What you will do |
Within the data that follows, set down exactly the lines from the one containing "the fashion world." through the one containing "Finally, test number", both ends included.

Materials provided |
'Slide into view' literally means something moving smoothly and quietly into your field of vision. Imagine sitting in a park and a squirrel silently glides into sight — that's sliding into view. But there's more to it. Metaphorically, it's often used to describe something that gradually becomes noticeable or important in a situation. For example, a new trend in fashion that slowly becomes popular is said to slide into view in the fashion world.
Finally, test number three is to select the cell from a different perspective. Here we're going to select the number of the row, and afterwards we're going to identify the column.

---

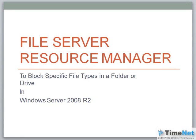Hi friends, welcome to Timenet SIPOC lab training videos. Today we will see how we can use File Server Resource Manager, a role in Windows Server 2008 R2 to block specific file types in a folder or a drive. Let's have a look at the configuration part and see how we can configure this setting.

==

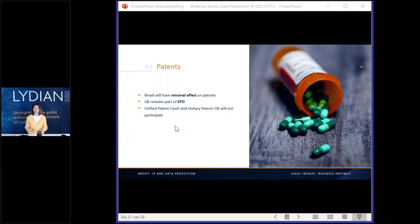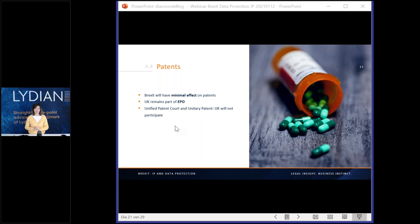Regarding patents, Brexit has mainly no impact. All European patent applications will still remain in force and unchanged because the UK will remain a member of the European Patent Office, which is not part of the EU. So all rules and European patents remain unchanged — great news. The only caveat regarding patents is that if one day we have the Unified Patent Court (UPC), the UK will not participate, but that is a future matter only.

Your response |
'Slide into view' literally means something moving smoothly and quietly into your field of vision. Imagine sitting in a park and a squirrel silently glides into sight — that's sliding into view. But there's more to it. Metaphorically, it's often used to describe something that gradually becomes noticeable or important in a situation. For example, a new trend in fashion that slowly becomes popular is said to slide into view in the fashion world.
Finally, test number three is to select the cell from a different perspective. Here we're going to select the number of the row, and afterwards we're going to identify the column.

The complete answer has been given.